Ich kann Ihnen sagen, warum das nicht passiert: Weil die Menschen, die Panik empfunden und artikuliert(!) haben, nicht zurück können. Sie sind gefangen im Fluch der Lüge. Als die Seuche neu und unbekannt war, haben sich die meisten kaum eine Meinung bilden können. Informationen gab es wenig, Unsicherheit dominierte die Republik. Im Zweifelsfall vorsichtig sein. Im Zweifelsfalls etwas mehr Angst haben als nötig. Und so haben sich immer mehr Leute festgelegt. Gerade in der Politik wird das nicht erst seit heute von jedem erwartet. Da eine Opposition in Deutschland dank des Medien-Mobs nicht mehr stattfindet, war die Festlegung dann auch sehr schnell abgeschlossen. Und in einem Wettstreit wer den besten gibt, haben sich bestimmte Herrschaften (und Damenschaften) immer mehr gesteigert. Das ging dann am Ende zu Maßnahmen, die einem Rechtstaat nicht würdig sind. Aber genau darin lag und liegt dann die Crux: Umso extremer die Maßnahmen wurden und umso extremer dieser auch verteidigt werden mussten, umso extremer bildet sich der konzeptionelle Konservatismus heraus. Und das nicht nur bei Politikern. Wer einmal seiner Angst nachgegeben hat und auf Bürgerrechte gepfiffen hat, der KANN nicht mehr zurück. Insbesondere wenn er anderen Gegenüber diese Meinung geäußert, sie argumentiert und debattiert hat. Wie auch? Er müsste dann vor sich selbst zugeben die Misere mit angerichtet zu haben. Und damit sind wir bei dem Soldaten von oben. Einzugestehen, dass die Wehrmacht verbrecherisch handelte, ist identisch damit sich selber eine Schuld dafür zu geben, da mitgemacht zu haben, sie verteidigt zu haben, ja für sie getötet zu haben. Die heutige Panikerfraktion müsste zugeben, dass sie die Existenz von hunderttausenden ruiniert hat, dass sie 11 Millionen Schüler aus der Schule verbannt und Teilen ihrer Lebensfreude beraubt hat. Das sie mehr Schulden und Kosten verursacht hat, als wir in 10 Jahren zurückzahlen können, eine Wirtschaftsvernichtung, die das letzte mal in so konzentrierter Form 1926 das letzte mal statt fand. Und das alles für Nüsse.  

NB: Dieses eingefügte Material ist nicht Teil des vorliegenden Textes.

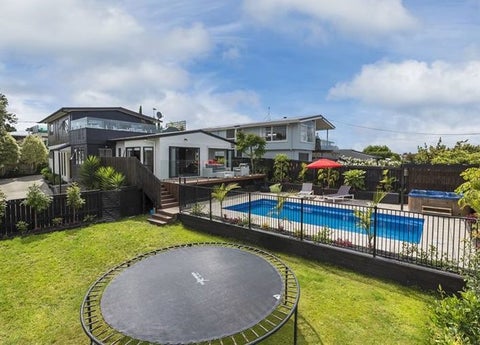79 HASTINGS ROAD, MAIRANGI BAY, AUCKLAND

Das geht nicht. Angela Merkel kann(!) nicht zurück. Markus Söder kann(!) nicht zurück. Karl Lauterbach kann(!) nicht zurück. Christian Drosten kann(!) nicht zurück. Sie alle sind für immer(!) im Fluch der Lüge gefangen. Selbst wenn sich Corona als Schnupfen herausstellen würde, sie könnten nie zurück. Und das sollten wir auch nicht von Ihnen erwarten. Die Republik wird erst dann zur Ruhe kommen, wenn sie nichts mehr zu sagen haben. 

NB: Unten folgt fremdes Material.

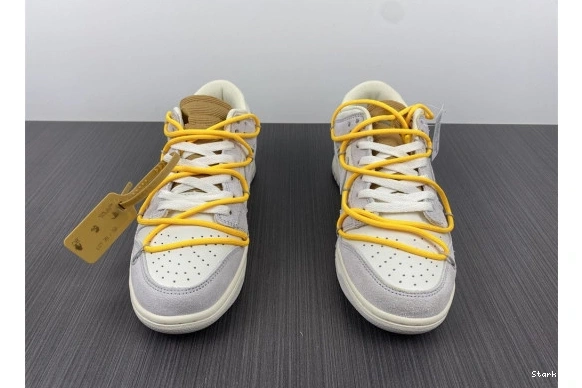 Lot DJ0950-109 O-W Nike Low Dunk 39 0824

Die Erkenntnis, dass Corona am Ende ein Fall von Massenhysterie war und die Maßnahmen in einem absurden Missverhältnis zur Gefahr gestanden haben, wird in Deutschland Jahre, wenn nicht Jahrzehnte auf sich warten lassen. Einfach weil die Protagonisten, aber auch die einfachen Menschen in ihrem Glauben gefangen sind, dass sie real bedroht waren und die Maßnahmen wenig Schaden angerichtet haben. Albert Einstein hat mal treffend bemerkt, dass es nicht die falschen Theorien sind, die aussterben, sondern diejenigen, die sie vertreten. War nicht das einzige mit dem er Recht hatte.